I have found myself repeatedly saying that I’m ready to get back to “normal life”. My days being so consumed with painting, trips to salvage yards and home improvement stores, decisions about flooring, light fixtures and paint colors have taken me away from the things I would rather spend my time and energy doing. For one, I really like to read books that direct my heart to the Gospel and remind me of the many ways I drift away from trusting Him to trusting myself instead. I like to have more space and time for thinking through these things, teaching them and in general, being more intentional with my children and in my relationships. I enjoy relationships far more than tasks, (even though tasks can be far more simple and straight forward). As each of these things have fallen off the map, I feel at the mercy of this whirlwind of a season I’m in and I want to return to “normal life”.
Praise be to the name of God for ever and ever; wisdom and power are his. He changes times and seasons; he deposes kings and raises up others. He gives wisdom to the wise and knowledge to the discerning. He reveals deep and hidden things; he knows what lies in darkness, and light dwells with him. Daniel 2:20-22
What I apparently mean by “normal life” is a more predictable daily routine in which I feel control over my schedule and environment. When seasons of life come in which I feel out of control and the intentional living is replaced with either survival or the overwhelming immediate, I consider that abnormal. Interestingly, God had to remind me that normal life isn’t about my control, but His. When I feel unintentional, He is still totally intentional. There is no season of my life or the history of human life in which He is not exhaustively intentional and in beautiful, life-giving, redemptive control of all things.
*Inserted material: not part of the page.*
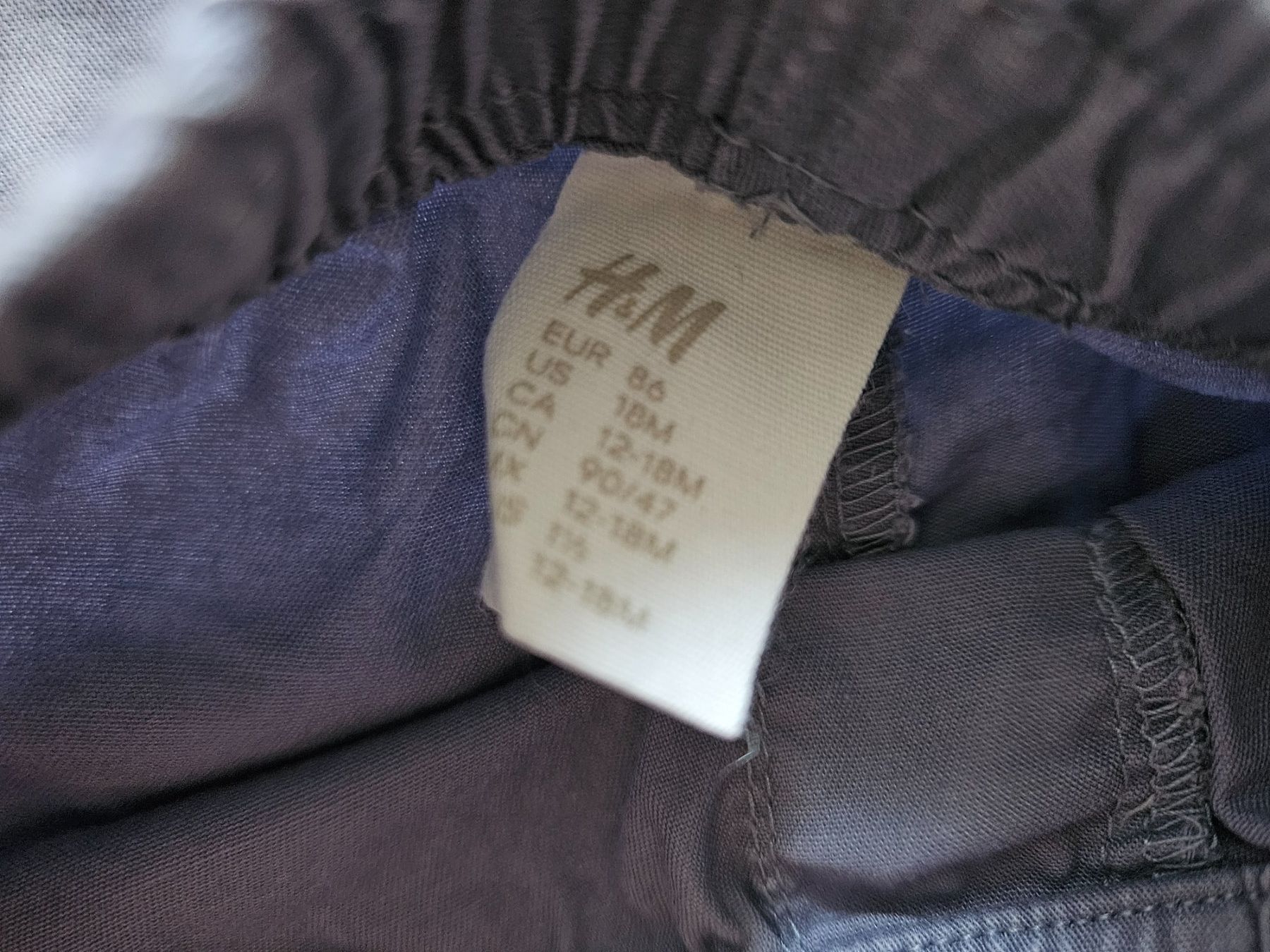 H&M Pantaloni: 2x Shorts von H&M, hellblau, Gr. 86 – Usato da Bern venduto da Oloui 3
Then Job answered the LORD and said: “I know that you can do all things, and that no purpose of yours can be thwarted. ‘Who is this that hides counsel without knowledge?’ Therefore I have uttered what I did not understand, things too wonderful for me, which I did not know. Job 42:1-3
I am so quick to assume that my children will turn out well if I am intentional, that I will have effective ministry if I am focused and disciplined, that life will be smooth if I can be organized and that I am “with God” more in seasons where I am doing all these things than the ones that find me dragged by my circumstances like a cowboy being dragged on the ground by his horse through a desert. I am astonished that you are so quickly deserting the one who called you to live in the grace of Christ and are turning to a different gospel— which is really no gospel at all. Evidently some people are throwing you into confusion and are trying to pervert the gospel of Christ. Gal. 1:6-7 The different gospel, which is really not good news at all, is that it is by grace I have been saved and by works I can remain. Carson Pittman spoke about this yesterday in his sermon at Atlanta Westside. When my security in Him (which includes confidence not only in His pleasure with me but also that He will produce fruit for my life to bear) shifts from the person and work of Jesus to the person and work of me, I have once again “fallen from grace” – or abandoned grace as my lifeline and grabbed hold of something else entirely. Such confidence we have through Christ before God. Not that we are competent in ourselves to claim anything for ourselves, but our competence comes from God. He has made us competent as ministers of a new covenant—not of the letter but of the Spirit; for the letter kills, but the Spirit gives life. 2 Cor. 3:4-6 For we do not have a high priest who is unable to empathize with our weaknesses, but we have one who has been tempted in every way, just as we are—yet he did not sin. Let us then approach God’s throne of grace with confidence, so that we may receive mercy and find grace to help us in our time of need. Hebrews 4:15-16
This season I am in now, and have been in before (between schools, between jobs, with a newborn baby, with two children under three, selling a house, renovating a house, moving, the death of a loved one, etc.) IS normal life in God’s kingdom and in His economy. There is no intermission, time out, off track or otherwise distinction in seasons when it comes to the Gospel. Not one circumstance is outside the reach of His redemptive presence nor outside the realm of His redemptive purposes. My distractedness, the physical exhaustion which accompanies the demands of the moment, the limitations of time, or the unpredictable nature of certain season are all incapable of thwarting His plans and purposes. Now this is eternal life: that they know you, the only true God, and Jesus Christ, whom you have sent. John 17:3 Oh this is indeed such GOOD news! In this I can rest, with confidence in the security of His accomplishments on my behalf rather than the ebb and flow of my sense of self-reliant “normalcy”. Normal life stops being defined by my control over circumstances and some ideal of stress free living to knowing Him. What season or circumstance exists that cannot draw me deeper into the knowledge of Him and intimacy with Him?